▸ **Given data**
------------------------------------------------

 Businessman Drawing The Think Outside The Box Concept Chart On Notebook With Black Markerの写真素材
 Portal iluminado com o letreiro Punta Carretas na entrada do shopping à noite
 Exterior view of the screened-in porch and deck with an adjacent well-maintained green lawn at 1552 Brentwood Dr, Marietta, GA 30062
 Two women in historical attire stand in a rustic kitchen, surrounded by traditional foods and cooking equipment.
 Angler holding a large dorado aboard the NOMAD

------------------------------------------------

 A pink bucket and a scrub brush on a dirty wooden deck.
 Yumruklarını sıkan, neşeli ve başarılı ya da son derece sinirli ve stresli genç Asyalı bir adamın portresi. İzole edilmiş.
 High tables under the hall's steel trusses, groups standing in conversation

------------------------------------------------

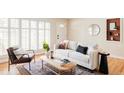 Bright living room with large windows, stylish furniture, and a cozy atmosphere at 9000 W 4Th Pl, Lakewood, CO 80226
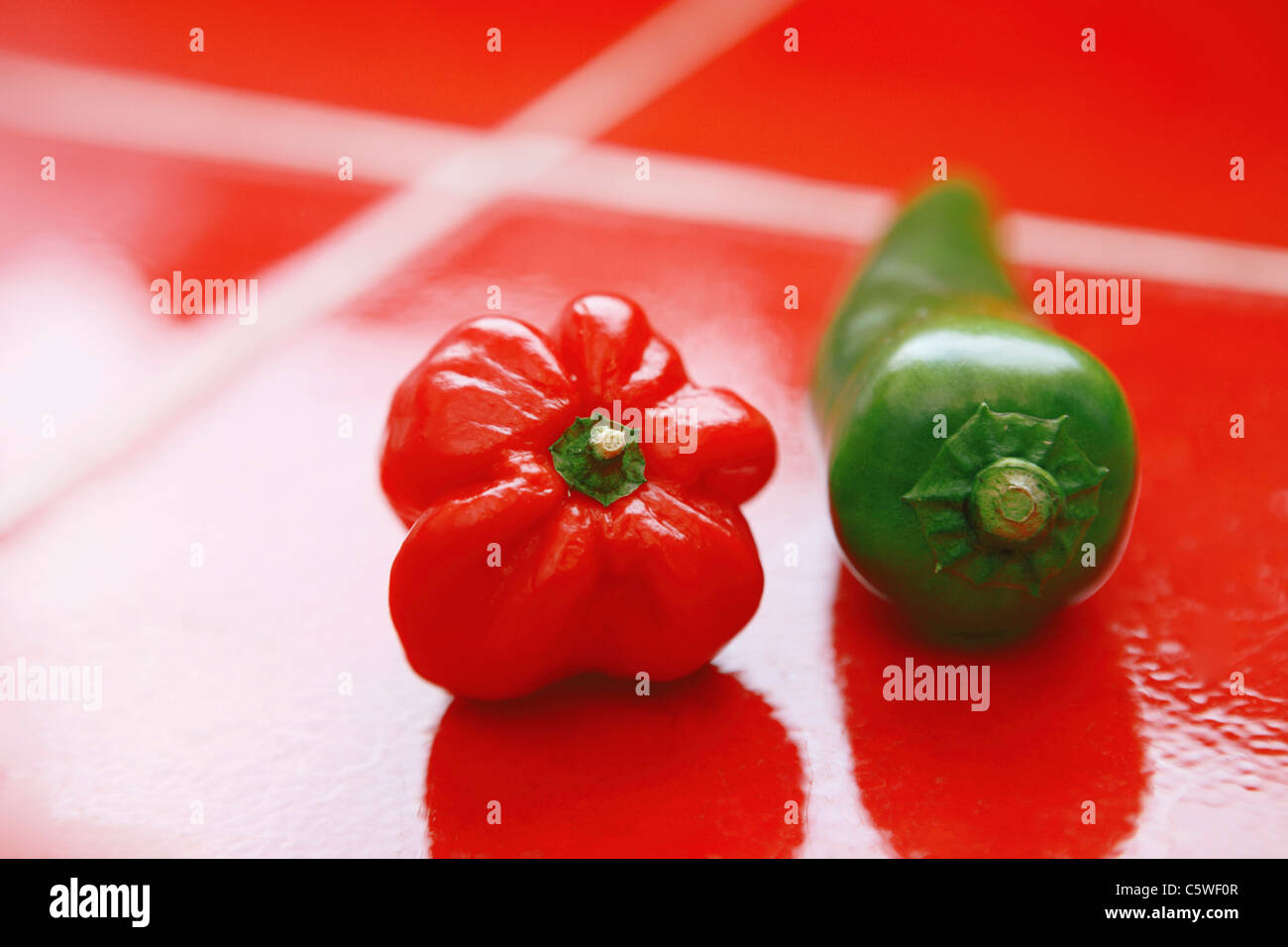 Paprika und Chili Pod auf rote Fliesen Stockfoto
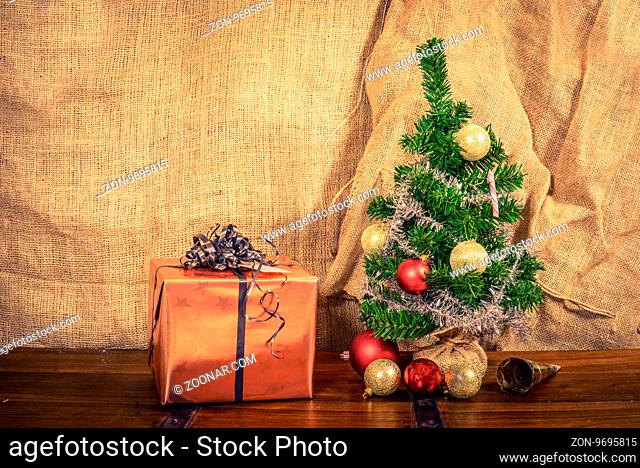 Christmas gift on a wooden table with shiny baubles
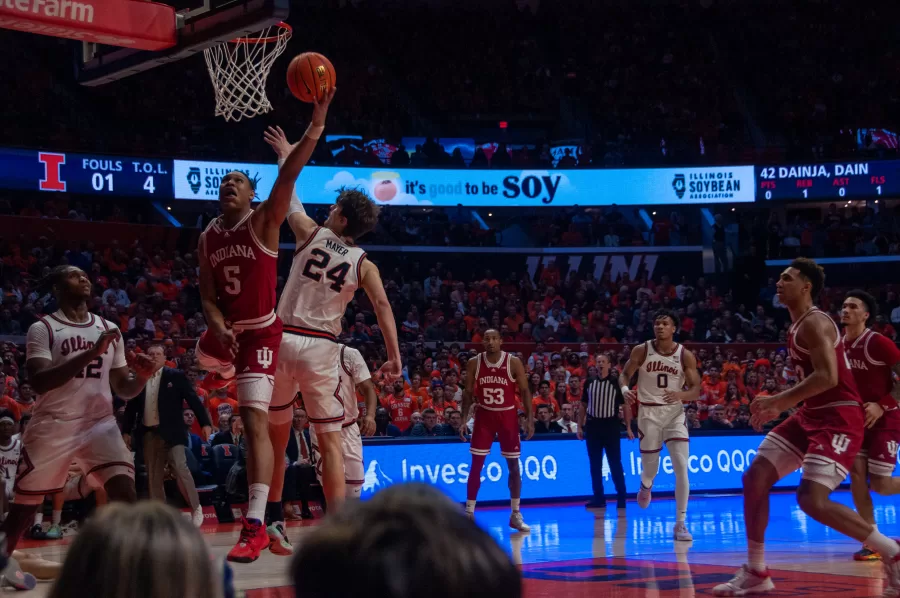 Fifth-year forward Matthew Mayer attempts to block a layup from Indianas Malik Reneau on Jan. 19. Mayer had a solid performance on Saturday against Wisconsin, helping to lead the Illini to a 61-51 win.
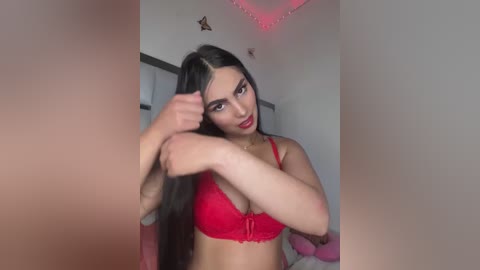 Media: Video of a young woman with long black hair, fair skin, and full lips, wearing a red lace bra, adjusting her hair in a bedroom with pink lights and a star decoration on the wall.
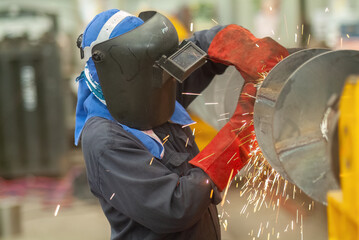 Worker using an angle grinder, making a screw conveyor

------------------------------------------------

▸ **Work task**
Retype, exactly and in full, the lines above from the one containing "Exterior view of" through the one containing "Two women in".

▸ **Solution to this exercise**
 Exterior view of the screened-in porch and deck with an adjacent well-maintained green lawn at 1552 Brentwood Dr, Marietta, GA 30062
 Two women in historical attire stand in a rustic kitchen, surrounded by traditional foods and cooking equipment.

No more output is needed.